Yesterday, the excellent online magazine Gelf asked a straightforward question: Who is Albert Pujols? The implication: As much grief as Barry Bonds receives on a daily basis, Pujols — the slugger-in-waiting, if you will — receives almost universal platitudes and worship. Gelf wonders if perhaps Pujols is overpraised as the "good guy," as an easy contrast to Bonds' "bad guy."
After Pujols' eighth-inning home run last night to beat the Rockies 4-2, his league-leading 17th of the season, allow us to answer Gelf's question, quoting from Hugh Gallagher's famous college admissions essay from the '90s.
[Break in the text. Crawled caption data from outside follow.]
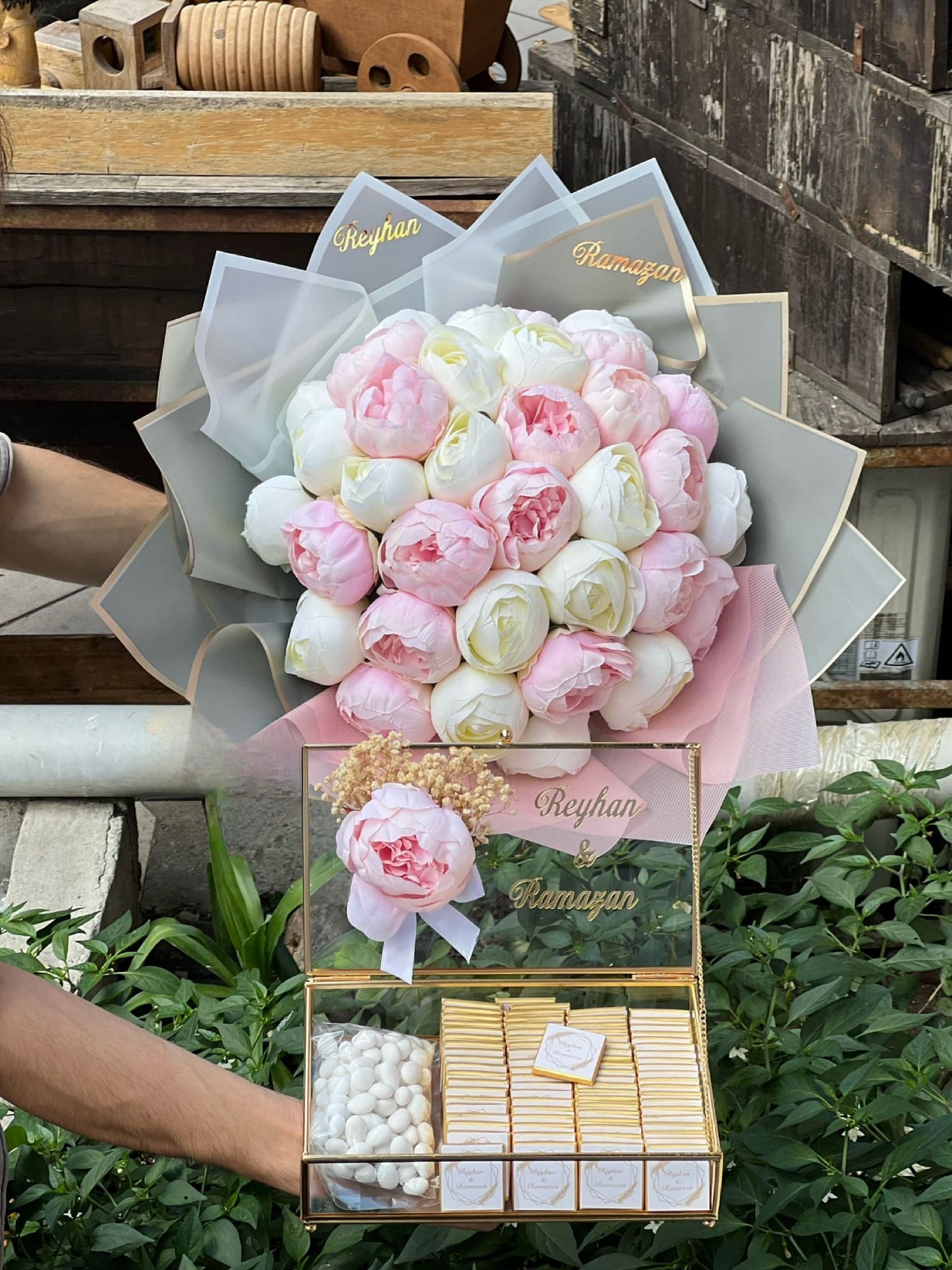 41 Renkli Şakayık 2 li Kız İsteme Seti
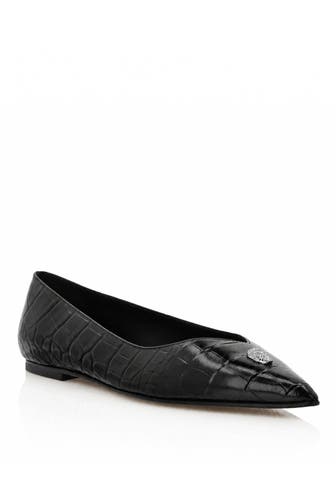PHILIPP PLEIN Ballerinas SKULL 02 | black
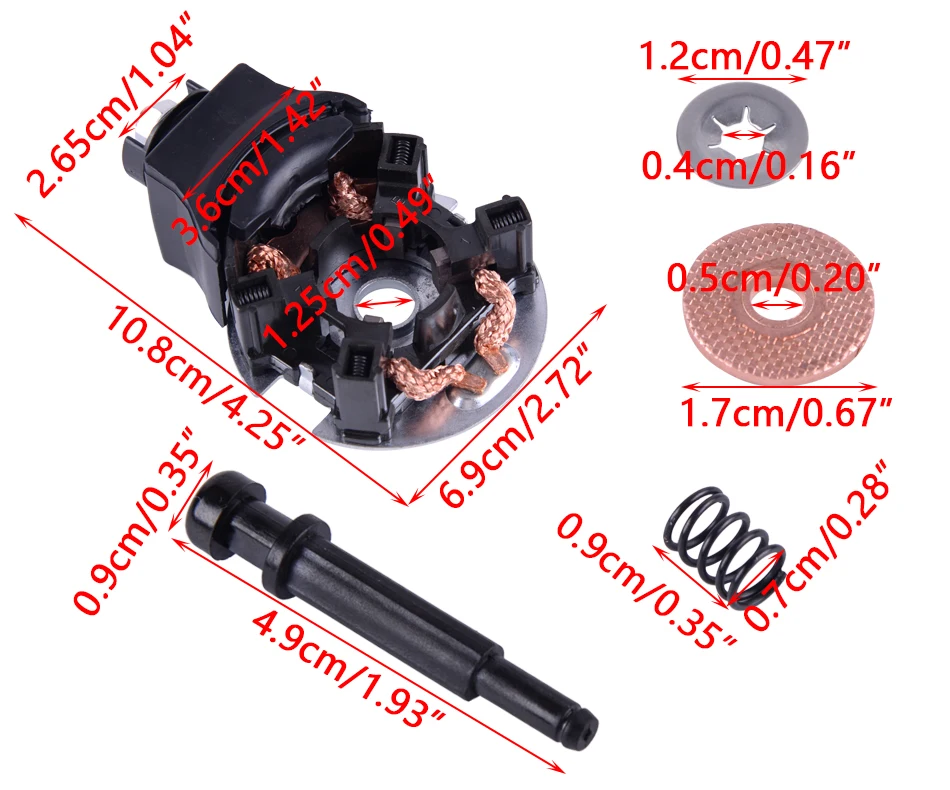 CITALL 04312-PSA-305 держатель угольной щетки стартовый Ремонтный комплект 04312-PSA-305 Подходит для Honda Accord Odyssey CRV Acura 2005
Albert Pujols woos women with his sensuous and godlike trombone playing, he can pilot bicycles up severe inclines with unflagging speed, and he cooks Thirty-Minute Brownies in twenty minutes. He is an expert in stucco, a veteran in love, and an outlaw in Peru. Using only a hoe and a large glass of water, he once single-handedly defended a small village in the Amazon Basin from a horde of ferocious army ants. He plays bluegrass cello, he is the subject of numerous documentaries. When he's bored, he builds large suspension bridges in his yard.
In other words, Gelf: The guy's just fine. Negative nellies!